Jon Clements joncle at googlemail.com
Sat Mar 13 20:02:44 CET 2010


On 13 Mar, 17:42, Jack Diederich <jackd... at gmail.com> wrote:
> On Sat, Mar 13, 2010 at 12:10 PM, Jon Clements <jon... at googlemail.com> wrote:
> > On 13 Mar, 16:42, Jack Diederich <jackd... at gmail.com> wrote:
> >> On Sat, Mar 13, 2010 at 11:19 AM, Jon Clements <jon... at googlemail.com> wrote:
> >> > This is semi-experimental and I'd appreciate opinions of whether it's
> >> > the correct design approach or not. It seems like a good idea, but it
> >> > doesn't mean it is.
>
> >> > I have a class 'A', this provides standard support functions and
> >> > exception handling.
> >> > I have 'B' and 'C' which specialise upon 'A'
>
> >> > What I'd like to achieve is something similar to:
>
> >> > @inject(B):
> >> >  def some_function(a, b):
> >> >     pass # something useful
>
> >> > The name 'some_function' is completely redundant -- don't need it,
> >> > don't actually care about the function afterwards, as long as it
> >> > becomes a __call__ of a 'B' *instance*.
>
> >> > I've basically got a huge list of functions, which need to be the
> >> > callable method of an object, and possibly at run-time, so I don't
> >> > want to do:
>
> >> > class Something(B):
> >> >    def __call__(self, etc.. etc...):
> >> >         pass # do something
>
> >> > I've got as far as type(somename, (B,), {}) -- do I then __init__ or
> >> > __new__ the object or...
>
> >> > In short, the function should be the __call__ method of an object that
> >> > is already __init__'d with the function arguments -- so that when the
> >> > object is called, I get the result of the the function (based on the
> >> > objects values).
>
> >> I'm not sure exactly what you are asking for, but if what you want is
> >> a bunch of different objects that vary only by their class's __call__
> >> you could do it with a function that returns a new class based on A
> >> but with a new __call__:
>
> >> def make_new_call_class(base_class, call_func):
> >>   class NewClass(base_class):
> >>     def __call__(self, *args, **kw):
> >>       return call_func(self, *args, *kw)
> >>   return NewClass
>
> >> or the return could even be NewClass() [return an instance] if this is
> >> a one off.
>
> >> That said, I'm not really sure what this behavior is good for.
>
> >> -Jack
>
> > Cheers Jack for the response.
>
> > The behaviour is to not derive from a class, but rather allow
> > the decorators to do so... so I would like to iterate over
> > a list of functions (don't care what they're called) and then
> > inject the function as a method.

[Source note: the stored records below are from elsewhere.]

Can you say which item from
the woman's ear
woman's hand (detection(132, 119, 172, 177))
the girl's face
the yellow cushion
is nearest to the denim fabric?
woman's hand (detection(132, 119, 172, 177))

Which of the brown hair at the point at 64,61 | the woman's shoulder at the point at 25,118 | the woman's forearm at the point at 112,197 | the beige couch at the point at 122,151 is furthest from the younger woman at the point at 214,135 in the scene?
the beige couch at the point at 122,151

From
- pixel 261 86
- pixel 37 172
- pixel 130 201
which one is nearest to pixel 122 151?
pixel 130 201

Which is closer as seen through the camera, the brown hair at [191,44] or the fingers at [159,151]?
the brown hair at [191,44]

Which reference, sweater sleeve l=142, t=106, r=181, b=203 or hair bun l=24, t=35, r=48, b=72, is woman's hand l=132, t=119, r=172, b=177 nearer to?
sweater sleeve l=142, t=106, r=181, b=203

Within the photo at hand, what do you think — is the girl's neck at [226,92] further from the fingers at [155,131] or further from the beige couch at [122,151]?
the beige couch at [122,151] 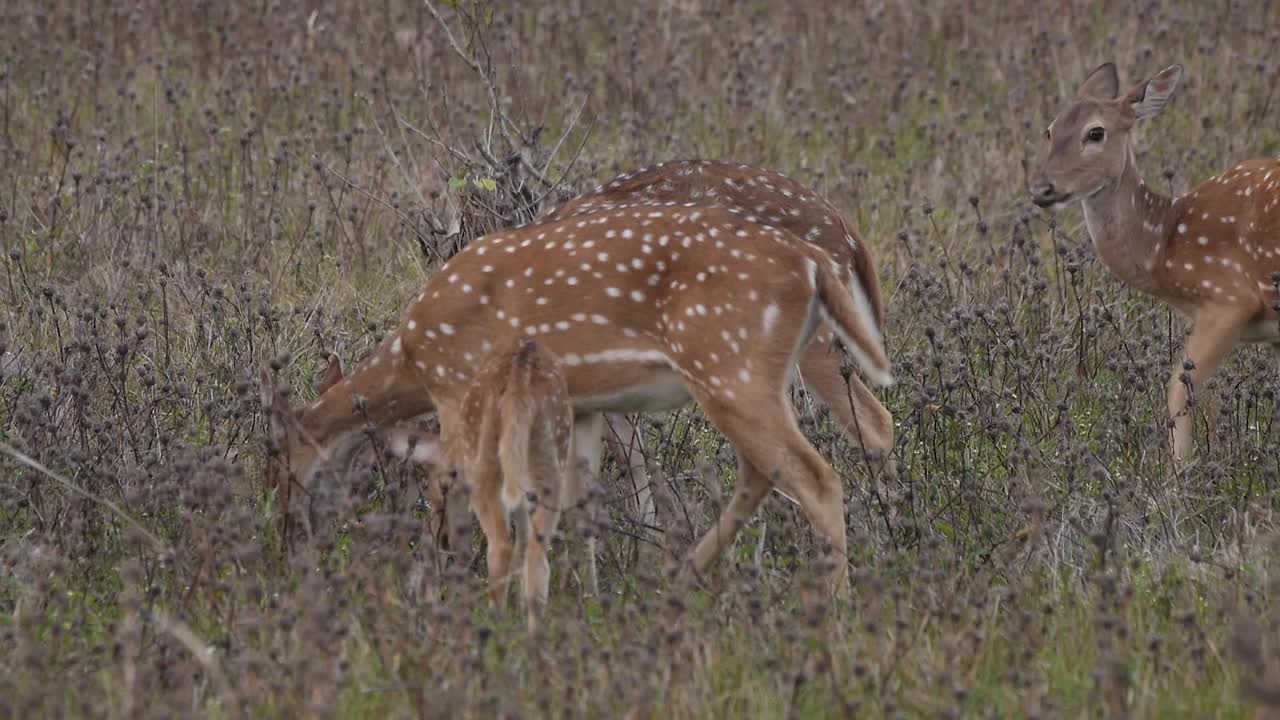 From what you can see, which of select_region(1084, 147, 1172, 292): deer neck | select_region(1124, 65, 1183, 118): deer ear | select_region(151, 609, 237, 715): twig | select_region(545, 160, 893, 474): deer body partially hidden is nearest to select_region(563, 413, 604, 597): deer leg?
select_region(545, 160, 893, 474): deer body partially hidden

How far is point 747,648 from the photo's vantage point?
489 centimetres

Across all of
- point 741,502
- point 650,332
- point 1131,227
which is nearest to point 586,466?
point 650,332

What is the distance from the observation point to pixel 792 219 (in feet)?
22.3

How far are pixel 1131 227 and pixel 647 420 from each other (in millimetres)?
2153

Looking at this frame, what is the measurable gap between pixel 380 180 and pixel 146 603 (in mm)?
4553

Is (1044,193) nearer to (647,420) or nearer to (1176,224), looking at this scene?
(1176,224)

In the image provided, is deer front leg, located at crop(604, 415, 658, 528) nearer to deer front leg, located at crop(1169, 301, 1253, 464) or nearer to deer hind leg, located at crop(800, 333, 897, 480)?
deer hind leg, located at crop(800, 333, 897, 480)

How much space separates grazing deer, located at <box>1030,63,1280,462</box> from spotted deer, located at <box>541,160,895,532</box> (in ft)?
4.11

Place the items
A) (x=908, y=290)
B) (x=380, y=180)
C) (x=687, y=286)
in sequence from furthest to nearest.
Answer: (x=380, y=180) < (x=908, y=290) < (x=687, y=286)

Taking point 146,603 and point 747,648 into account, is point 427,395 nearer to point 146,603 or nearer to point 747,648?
point 146,603

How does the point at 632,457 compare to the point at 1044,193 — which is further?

If needs be at run-time.
>
> > Say I have 1000 functions (okay, admittedly over quoted), but
> > I don't want every programmer to inherit from 'B' or 'C', but
> > to 'inject'. So the idea is that classes are pre-defined, have
> > predictable behaviour, *except* the __call__ is different.
>
> > You are correct in this. Why do I want that behaviour? ->
>
> > - It's easier, no inheriting from a class, when needs not.
> > - Some integrity (anyone can define a function and 'inject' to the
> > Management class)
> > - Easier maintainability - maybe :)
>
> > for i in function_list:
> >    i = inject(function_list)
>
> > At the end of the day:
> > def blah(x, y, z):
> >   pass
>
> > That should be the callable of the object.
>
> I'm still not sure why you are trying to do this, but you can do it
> with delegation.  Have the parent class's __call__ look for an
> instance attribute named call_this and then call it, ex/
>
> class A():
>   def __call__(self, *args, **kw):
>     self.call_this(*args, **kw)  # we grab this off the instance
>
> ob = A()
> def my_func(*stuff): pass
> ob.call_this = my_func
>
> -Jack

Jack, thanks very much for your replies -- hugely appreciated.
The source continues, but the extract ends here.